What is the difference between the two? I'm very confused. Have I messed up the concept?
Also, when I migrate the database using Alembic, why doesn't it form a new class in my models.py? I know the tables have been created because I checked them using a SQLite browser.
I have done all the configurations already. The target for Alembic's database and SQLALCHEMY_DATABASE-URI in config.py are the same .db file.
Yes, you are thinking about it in the wrong way.
Let's say you don't use Alembic or any other migration framework. In that case you create a new database for your application with the following steps:
Write your model classes
Create and configure a brand new database
Run db.create_all(), which looks at your models and creates the corresponding tables in your database.
So now consider the case of an upgrade. For example, let's say you release version 1.0 of your application and now start working on version 2.0, which requires some changes to your database. How can you achieve that? The limitation here is that db.create_all() does not modify tables, it can only create them from scratch. So it goes like this:
Make the necessary changes to your model classes
Now you have two options to transfer those changes to the database:
5.1 Destroy the database so that you can run db.create_all() again to get the updated tables, maybe backing up and restoring the data so that you don't lose it. Unfortunately SQLAlchemy does not help with the data, you'll have to use database tools for that.
5.2 Apply the changes manually, directly to the database. This is error prone, and it would be tedious if the change set is large.
Now consider that you have development and production databases, that means the work needs to be done twice. Also think about how tedious would it be when you have several releases of your application, each with a different database schema and you need to investigate a bug in one of the older releases, for which you need to recreate the database as it was in that release.
See what the problem is when you don't have a migration network?
Using Alembic, you have a little bit of extra work when you start, but it pays off because it simplifies your workflow for your upgrades. The creation phase goes like this:
Write your model classes
Create and configure a brand new database
Generate an initial Alembic migration, either manually or automatically. If you go with automatic migrations, Alembic looks at your models and generates the code that applies those to the database.
Run the upgrade command, which runs the migration script, effectively creating the tables in your database.

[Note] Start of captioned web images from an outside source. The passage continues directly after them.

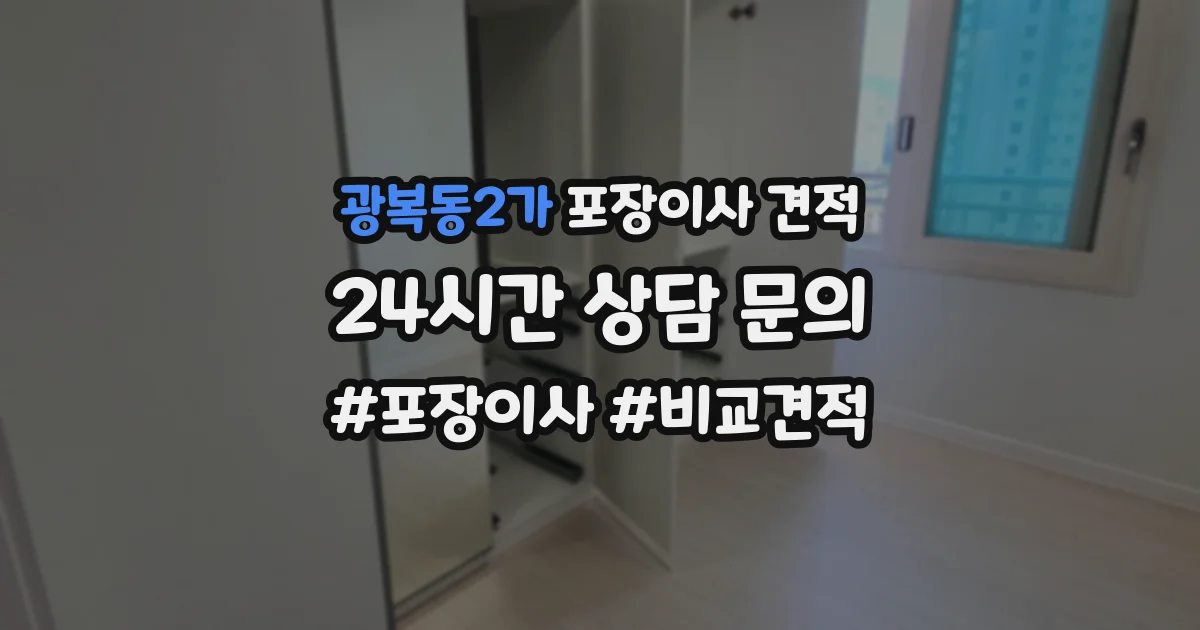 광복동2가 포장이사 견적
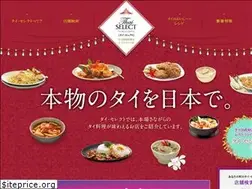 Sites similar to thaiselect.jp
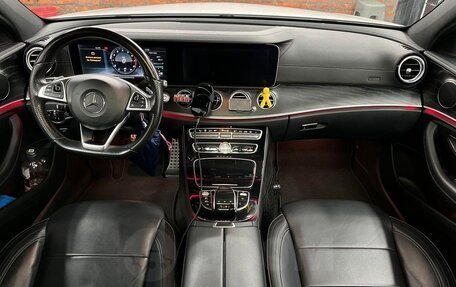 Mercedes-Benz E-Класс, 2017 год, 2 750 000 рублей, 13 фотография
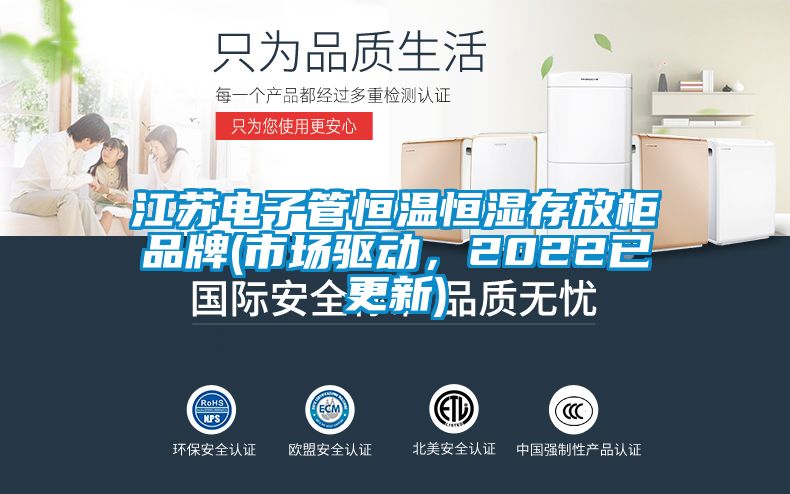 江蘇電子管恒溫恒濕存放柜品牌(市場驅動，2022已更新)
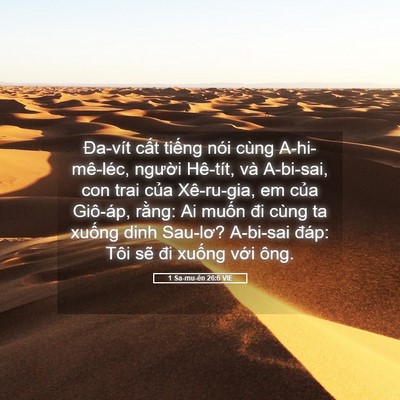 Picture 05 - 1 Sa-mu-ên 26:6 VIE - Đa-vít cất tiếng nói cùng A-hi-mê-léc, - Bible Verse Picture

Then when you reach the point of doing an upgrade, you do the following:
Make the necessary changes to your model classes
Generate another Alembic migration. If you let Alembic generate this for you, then it compares your models classes against the current schema in your database, and generates the code necessary to make the database match the models.
Run the upgrade command. This applies the changes to the database, without the need to destroy any tables or back up data. You can run this upgrade on all your databases (production, development, etc.).
Important things to consider when using Alembic:
The migration scripts become part of your source code, so they need to be committed to source control along with your own files.
If you use the automatic migration generation, you always have to review the generated migrations. Alembic is not always able to determine the exact changes, so it is possible that the generated script needs some manual fine tuning.
Migration scripts have upgrade and downgrade functions. That means that they not only simplify upgrades, but also downgrades. If you need to sync the database to an old release, the downgrade command does it for you without any additional work on your part!
I can add that for Django there are two commands
makemigrations (which creates migrations files)
migrate (which translates migrations into sql and executes them on database)
I found its great for somebody's understanding to switch between batteries included framework(Django) and other frameworks like Flask/ Falcon.
So using alembic migrations is very convenient, and makes easy to track database changes.